The parameter τ : Γ_I → [0,1] denotes the hydraulic permeability at the interface and models different pores configurations, cf. Fig. 7. In the open pores region \(\tau ^{-1}(1)\subset {\varGamma }_{I}\) the second equation in (38) reduces to p = ρ_a∂_tφ, while in the sealed pores subset τ^− 1(0) we have ∂_tw ⋅n_p = 0, implying that τ^− 1(0) is impermeable. Finally, the imperfect pores region τ^− 1((0,1)) models an intermediate state between open and sealed pores. For later use, we split the interface into two disjoint (possibly non-connected) subsets \({\varGamma }_{I} = {{\varGamma }_{I}^{s}}{\cup {\varGamma }_{I}^{o}}\), with

$$ {{\varGamma}_{I}^{s}} = \tau^{-1}(0)\quad \text{ and }\quad {{\varGamma}_{I}^{o}} = \tau^{-1}((0,1]) = {\varGamma}_{I}{\setminus{\varGamma}_{I}^{s}}. $$

We remark that the first and second conditions in (38) play the role of a Neumann and a Robin-like conditions for system (24), respectively. Similarly, the third equation in (38) acts as a Neumann condition for problem (37). The existence and uniqueness of a strong solution to the poro-elasto-acoustic problem coupling (24), (37) and (38) is proved in [15, Appendix A].

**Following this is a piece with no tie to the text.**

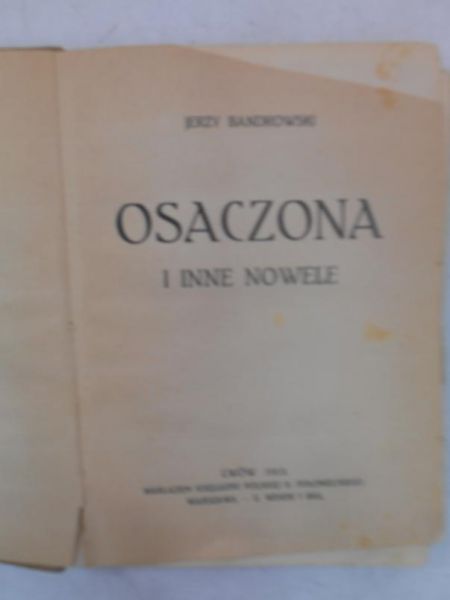 Osaczona i inne nowele, 1913 r.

In order to derive the weak formulation of the coupled problem, we introduce the function \(\zeta _{\tau }:{{\varGamma }_{I}^{o}}\to \mathbb {R}^{+}\), defined by ζ_τ = τ^− 1(1 − τ), and the weighted space

$$ \boldsymbol{W}_{\tau} = \left\{\boldsymbol{z}\in \boldsymbol H_{0,{\varGamma}_{pD}}(\text{div},{\varOmega}_{p}) ~|~ \zeta_{\tau}^{\frac12}(\boldsymbol{z}\cdot\boldsymbol{n}_{p})_{|{{\varGamma}_{I}^{o}}} \in L^{2}({{\varGamma}_{I}^{o}}), (\boldsymbol{z}\cdot\boldsymbol{n}_{p})_{|{{\varGamma}_{I}^{s}}} = 0\right\}, $$

equipped with the norm

$$ \|\boldsymbol{z}\|_{\boldsymbol{W}_{\tau}} = \|\boldsymbol{z}\|_{{\varOmega}_{p}} + \|\nabla\cdot\boldsymbol{z}\|_{{\varOmega}_{p}} + \|\zeta_{\tau}^{\frac12}\ \boldsymbol{z}\cdot\boldsymbol{n}_{p}\|_{{{\varGamma}_{I}^{o}}} \forall\boldsymbol{z}\in\boldsymbol{W}_{\tau}. $$

The weak form of the problem obtained by coupling equations (24), (37) and (38) reads as: for any t ∈ (0,T], find \((\boldsymbol {u},\boldsymbol {w},\varphi )(t) \in \boldsymbol H^{1}_{0,{\varGamma }_{pD}}({\varOmega }_{p}) \times \boldsymbol {W}_{\tau } \times H^{1}_{0,{\varGamma }_{aD}}({\varOmega }_{a})\) s.t.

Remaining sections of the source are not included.